Le 20 mars dernier, l’Autorité Européenne des Marchés Financiers (l’ « ESMA »)[4] a admis qu’en cette période, les entreprises d’investissement pouvaient être confrontées à des obstacles de nature à rendre impossible, nonobstant le droit positif, l’enregistrement des conversations téléphoniques.

A défaut d’enregistrement, l’ESMA recommande aux entreprises de consigner la teneur des conversations dans des comptes rendus, soulignant en outre l’information à fournir au client sur ce procédé.

Elle précise également qu’il est nécessaire, au vu des circonstances, de renforcer parallèlement les mesures de contrôle des ordres passés par téléphone.

En période de confinement, les entreprises d’investissement belges peuvent donc faire une application par analogie de l’alinéa 4 de l’article 26, § 5 de la loi du 25 octobre 2016 et consigner par écrit, dans un compte rendu ou dans des notes, la teneur d’une conversation téléphonique avec le client, à titre de preuve de l’opération.

Il va de soi que l’alternative proposée ne peut être un prétexte pour les entreprises d’investissement pour ne pas respecter les obligations qui leur sont imposées et que ces solutions alternatives doivent n’être utilisées qu’en raison des circonstances sanitaires exceptionnelles.

Quid de la preuve ? Vigilance et responsabilité de l’investisseur requise !

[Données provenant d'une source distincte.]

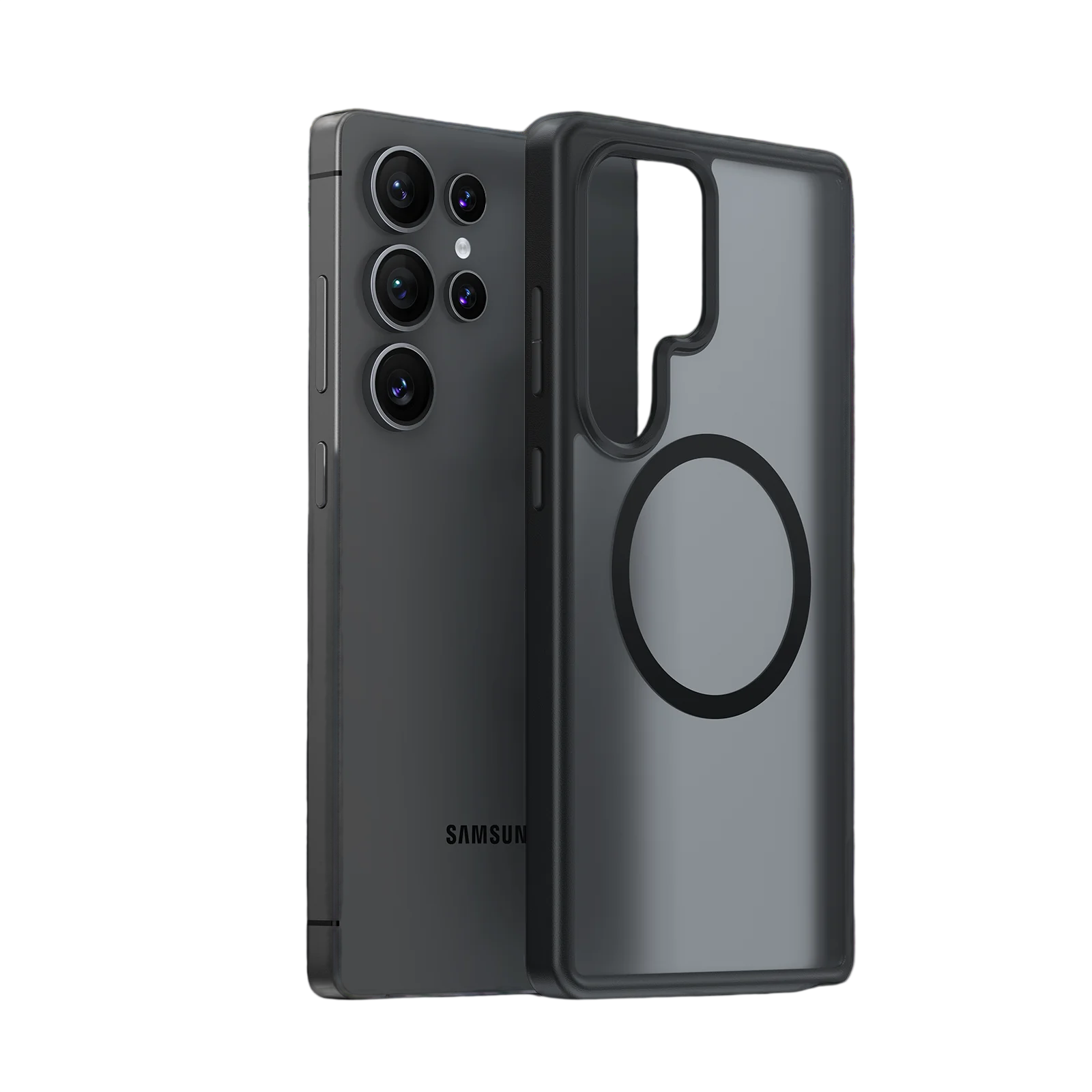 TORRAS Guardian Magsafe Case for SAMSUNG Galaxy S25 Ultra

La preuve des opérations d’investissement sollicitées par un client peut paraitre, en vertu de ce qui précède, unilatérale. L’obligation d’enregistrer les conversations téléphoniques vise, notamment, à protéger le client et à s’assurer de la bonne exécution, par l’entreprise qui fournit des services d’investissement, des ordres donnés.

Pour autant, les carnets d’ordres et rapports écrits tenus par le banquier ont déjà été considérées comme des preuves tout à fait recevables et suffisantes, et validées par les cours et tribunaux. Généralement, ces questions sont réglées contractuellement entre l’entreprise d’investissement et son client.

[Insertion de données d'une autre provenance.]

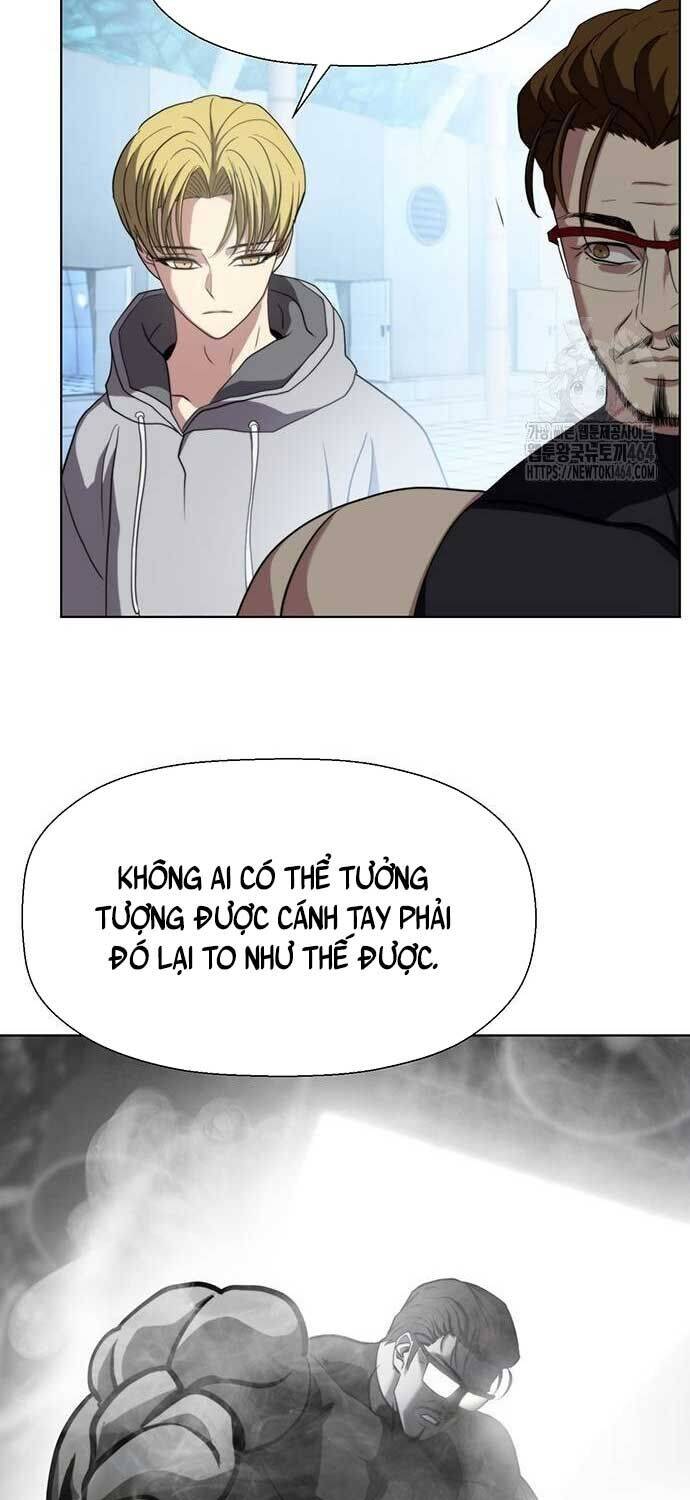 Sàn Đấu Sống Còn Chương 21 Ảnh 40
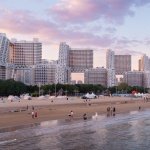 海碧台不仅重申了“栖息地67”所倡导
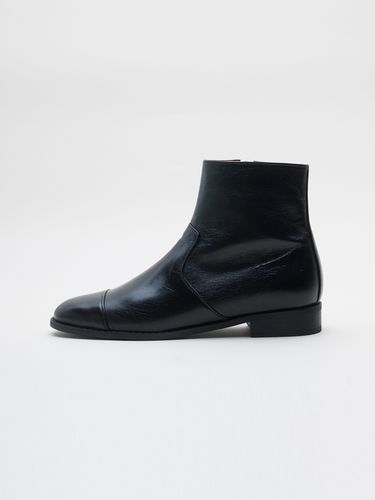 Gentle Midi Boots (kw2520) - karen white - Modalova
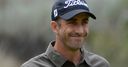Ogilvy aims to upstage Scott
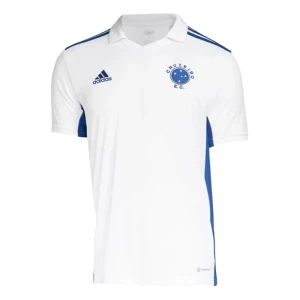 Fotbalové Dresy Cruzeiro EC 2022-23 Venkovní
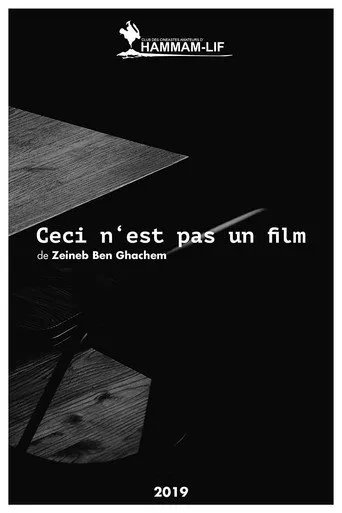 Ceci n'est pas un film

Le client doit rester vigilant : en tant qu’investisseur, il lui incombe de vérifier régulièrement ses comptes et l’évolution de ses investissements, et de contester immédiatement les opérations d’investissement qui lui paraitraient éventuellement incorrectes. Contester tardivement une opération – une fois une chute de la valeur de l’investissement enregistrée, par exemple -, risque d’être considéré comme une contestation opportune davantage liée au résultat insatisfaisant qu’au caractère incorrect de l’opération critiquée.

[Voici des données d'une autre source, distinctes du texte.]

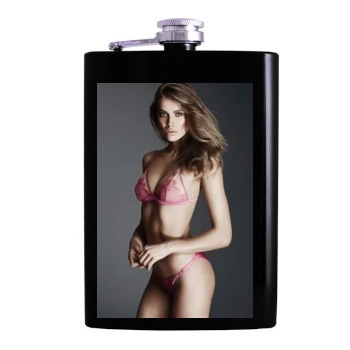 Tanya Mityushina Hip Flask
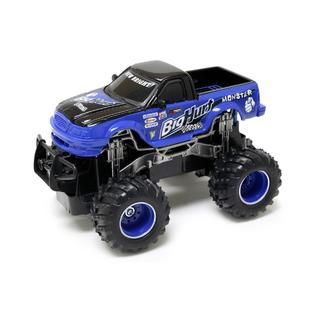 New Bright  124 R/C FF Monster Truck Twin Pack   Colors and Styles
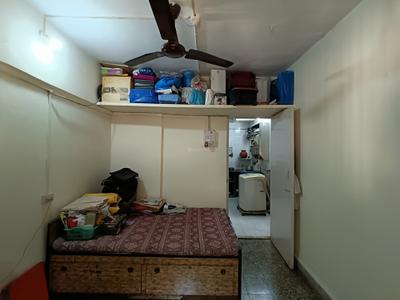 Bedroom Image of 580 Sq.ft 2 BHK Builder Floor for sale in Mira Road East Mira Bhayandar for Rs. 8500000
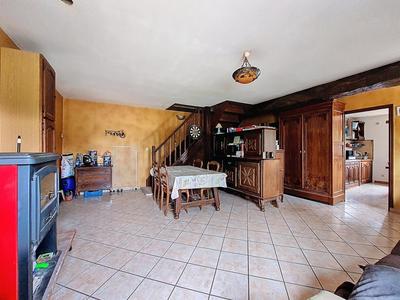 Maison - 78 m² - 3 pièces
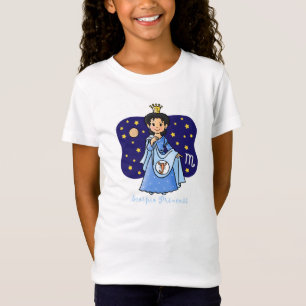 Scorpio Princess T-shirt
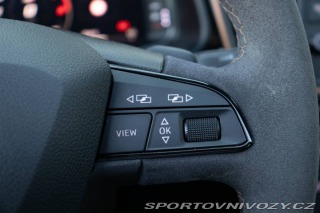 Seat Leon ST  2.0 TSI 300 Cupra Lim 2020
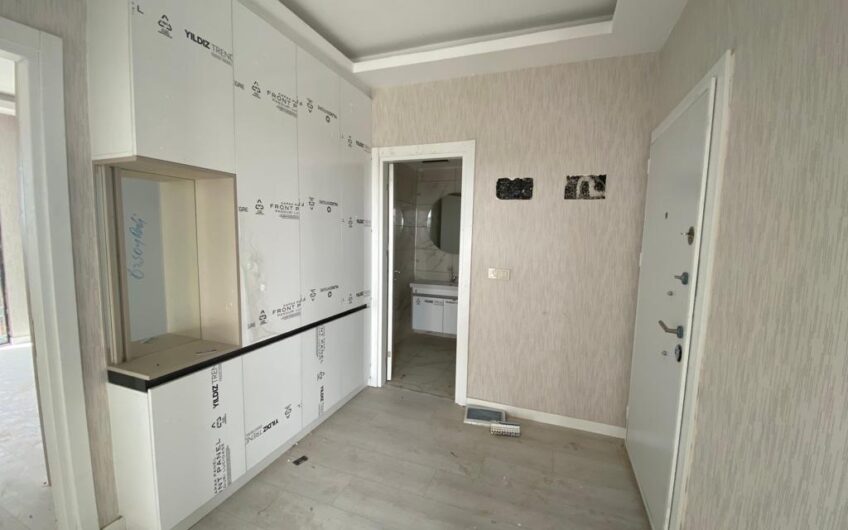 ELİF’DEN BÜYÜK KUMKÖPRÜ CADDESİ ÜZERİNDE SATILIK 3+1 DAİRE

Compte tenu de la situation sanitaire exceptionnelle que nous vivons, il est difficile d’imaginer une solution alternative qui assurerait tant l’exécution efficace des ordres reçus que la protection absolue des clients.


[1] Directive 2014/65/UE du Parlement européen et du conseil du 15 mai 2014 concernant les marchés d’instruments financiers, partiellement transposée par la loi du 25 octobre 2016 relative à l’accès à l’activité de prestation de services d’investissement et au statut et au contrôle des sociétés de gestion de portefeuille et de conseil en investissement. Voy. Également le Règlement délégué (UE) 2017/565 de la Commission du 25 avril 2016 complétant la directive 2014/65/UE du Parlement européen et du Conseil en ce qui concerne les exigences organisationnelles et les conditions d’exercice applicables aux entreprises d’investissement et la définition de certains termes aux fins de ladite directive.

[2] Voy. Article 26, §5 de la loi 25 octobre 2016 relative à l’accès à l’activité de prestation de services d’investissement et au statut et au contrôle des sociétés de gestion de portefeuille et de conseil en investissement ; Articles 64 et 527 de la loi du 25 avril 2014 Loi relative au statut et au contrôle des établissements de crédit et des sociétés de bourse ; Article 27bis de la loi du 2 août 2002 relative à la surveillance du secteur financier et aux services financiers.

[3] article 26, § 5, al. 5, de la loi du 25 octobre 2016 : interdiction « d’effectuer, d’envoyer ou de recevoir les conversations téléphoniques (…) au moyen d’un équipement privé que la société de gestion de portefeuille et de conseil en investissement est incapable d’enregistrer ou de copier ».